You just can‘t let them break you

Zdena Hraběová, a portrait
Zdena Hraběová, a portrait
zdroj: Internet

Zdeňka Hraběová, née Horčíková, was born on June 20th 1930 in Nová Dubeč. A year later, she moved to Prague (Praha) with her family. Following in her parents‘ footsteps, she joined the Czechoslovak National Socialist Party (Československá strana národně socialistická) at the age of sixteen; a year later, after graduating from trade school, she started to work at the party‘s secretariat. There she witnessed the communist takeover of February 1948, after which the party leadership including its chairman left for exile.
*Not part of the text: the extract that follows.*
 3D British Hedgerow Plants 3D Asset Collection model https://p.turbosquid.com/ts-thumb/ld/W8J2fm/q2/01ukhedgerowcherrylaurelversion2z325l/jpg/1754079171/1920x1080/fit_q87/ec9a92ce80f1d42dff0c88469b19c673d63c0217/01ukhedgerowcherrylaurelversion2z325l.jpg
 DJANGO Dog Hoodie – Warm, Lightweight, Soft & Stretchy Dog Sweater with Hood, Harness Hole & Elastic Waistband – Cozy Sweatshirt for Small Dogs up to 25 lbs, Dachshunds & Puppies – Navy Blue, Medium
She left the secretariat at the end of March 1948. Prior to that, she started copying and distributing anti-Communist leaflets and had been supporting her colleagues who decided to leave the country. In May 1948, she had been arrested and brought to the State Security headquarters in Bartolomějská Street for interrogation; after two months, she had been moved to prison in Prague‘s district of Pankrác. She was tried in December 1948 together with the Miloslav Choc group. It was the first massive, politically constructed trial of the early Communist regime, with tens of people being accused of subversive activities. Zdeňka had been sentenced to five years in prison but her sentence had been reduced to three years and six months as she committed crime as a juvenile. She served her sentence in juvenile detention centres in Hradec Králové, Kostelec nad Orlicí (Doudleby facility) and Lnáře.